Fordyce Maxwell: Regardless of our personal view on global warming, a wet summer is depressing
I CAN’T believe it either – today is the first of July and the number of decent days during April, May and June were as rare as supportive votes for Rangers.
In the great scheme of things it should not matter much that the sandpit and paddling pool have been almost unused. Or that the tent/beach shelter I put together on the back green for the grandchildren at some personal risk – those fibreglass hoop things are whippy and tricky – blew inside-out.
As did the half-dozen new solid plastic cloches I’d invested in this year. In spite of being well pegged down, a recent gale took them into the hedge except the one that sliced into the biggest courgette plant.
We’ve only used the barbecue twice. Admittedly, that is twice is often as I would use it in the best of summers given a choice, but other family members like the idea and believe I can be converted. Not in a summer like this I can’t.
As already noted, in the great scheme of things – 4.5 billion years of earth so far, another 4 billion before galaxies collide and wipe out whatever life form is then extant, it’s being so cheerful that keeps astronomers going – none of the above should matter much.
But regardless of our personal view on global warming and climate change, a wet summer is depressing.
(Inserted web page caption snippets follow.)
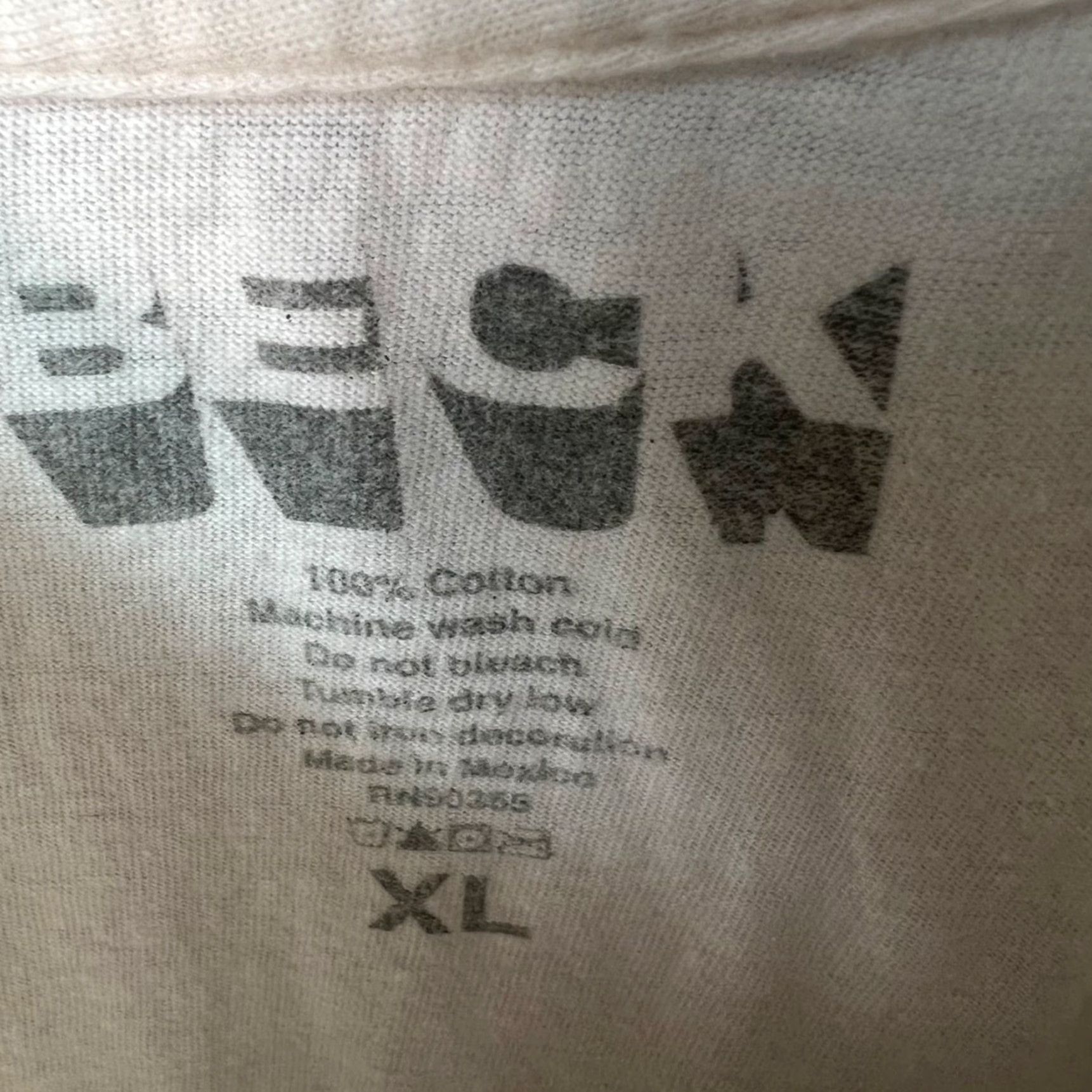Vintage I Saw Beck On Tour 2023 Band T-Shirt XL White 100% Cotton Music Graphic Tee Beck Shirt Men XL White On Tour 2023 Band T-Shirt Size US XL / EU 56 / 4 - 3 Thumbnail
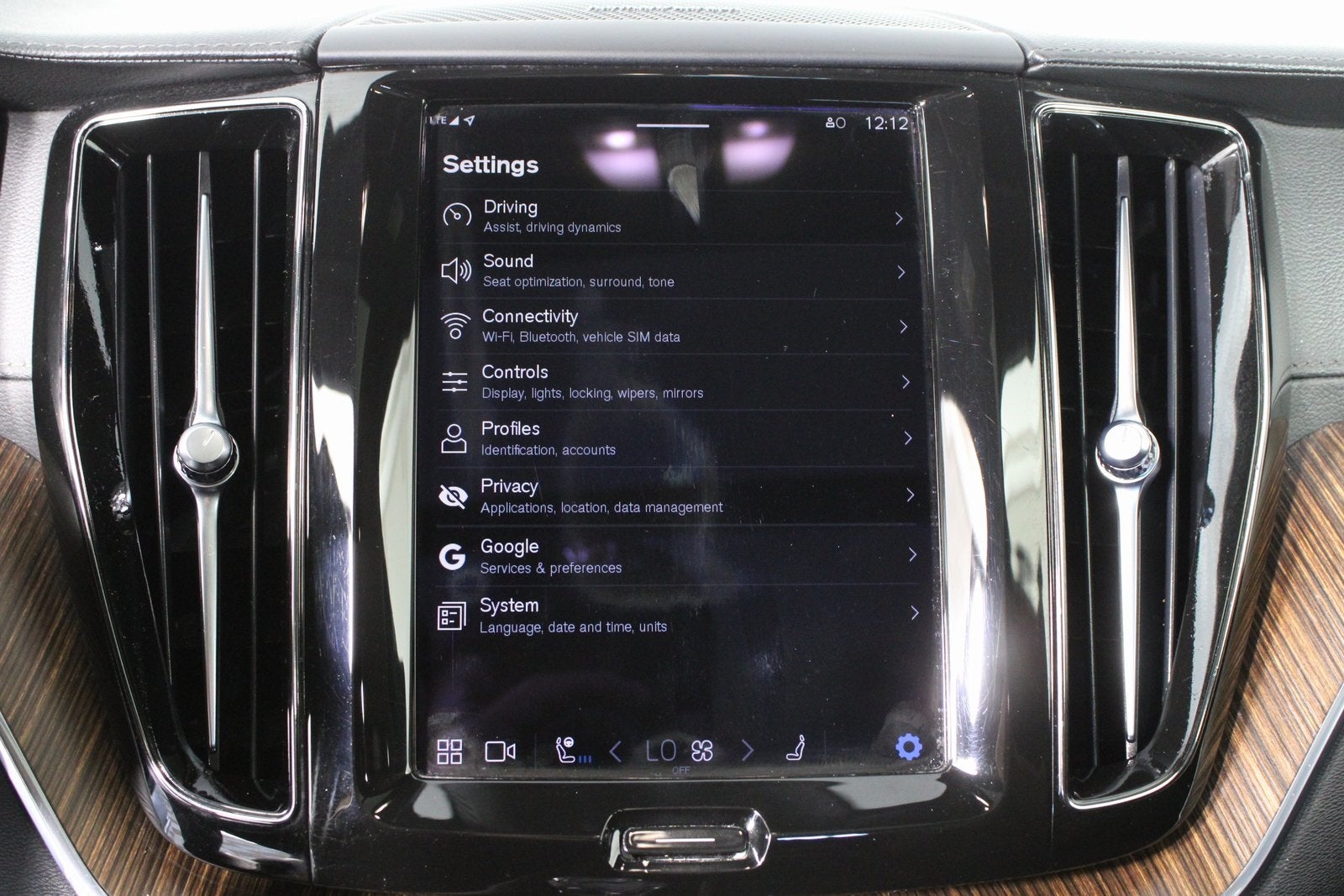 2022 Volvo XC60 B5 Inscription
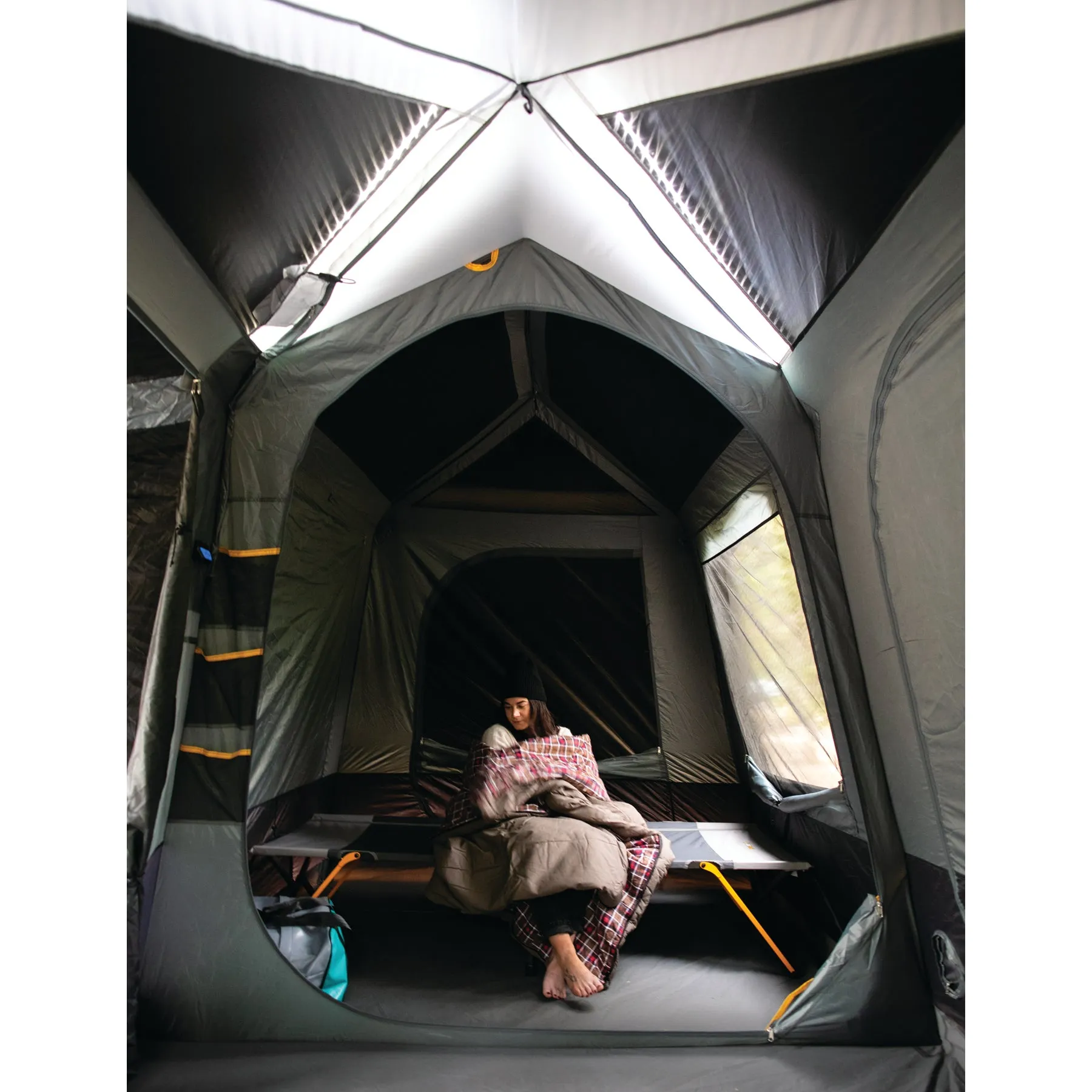 Fast Frame Lumos 12P Lighted Tent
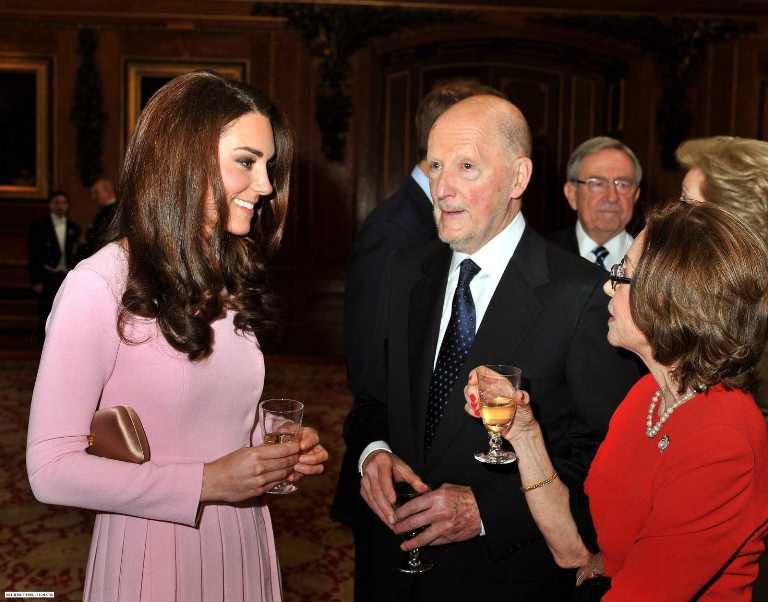 Кейт Миддлтон и принц Уильям на королевском приеме Photobucket
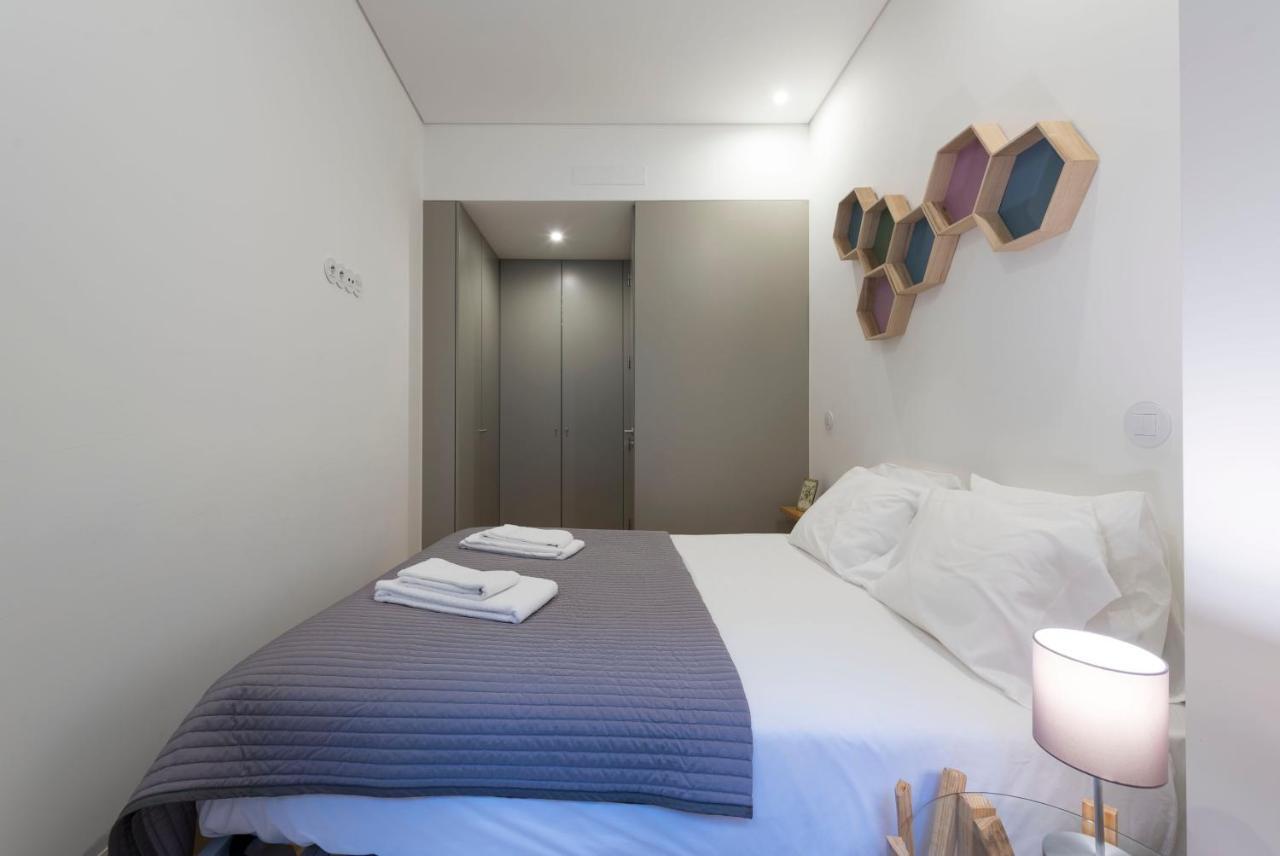 Lovelystay - Stylish Central Apartment By Bolhao Market Porto Bagian luar foto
It’s more depressing for some, such as cricketers, tennis players, farmers trying to convert wet grass into silage and hay between downpours, ice-cream sellers, and companies that make only-Britons-on-holiday short shiny shorts and silly vests. But it gets to us all eventually.
Especially the millions of us who rank gardening as a hobby. Remember the advice of Ozymandias, “king of kings” in Shelley’s poem, to “Look upon my works, ye mighty, and despair”?
Looking at my runner beans, peas and asparagus bed last week I knew how Ozy felt. Liz was consoling. As I forlornly tied struggling beans in hope to stakes last week, she said: “If you really want to cry, go and look at the strawberries. I think something’s eating them.”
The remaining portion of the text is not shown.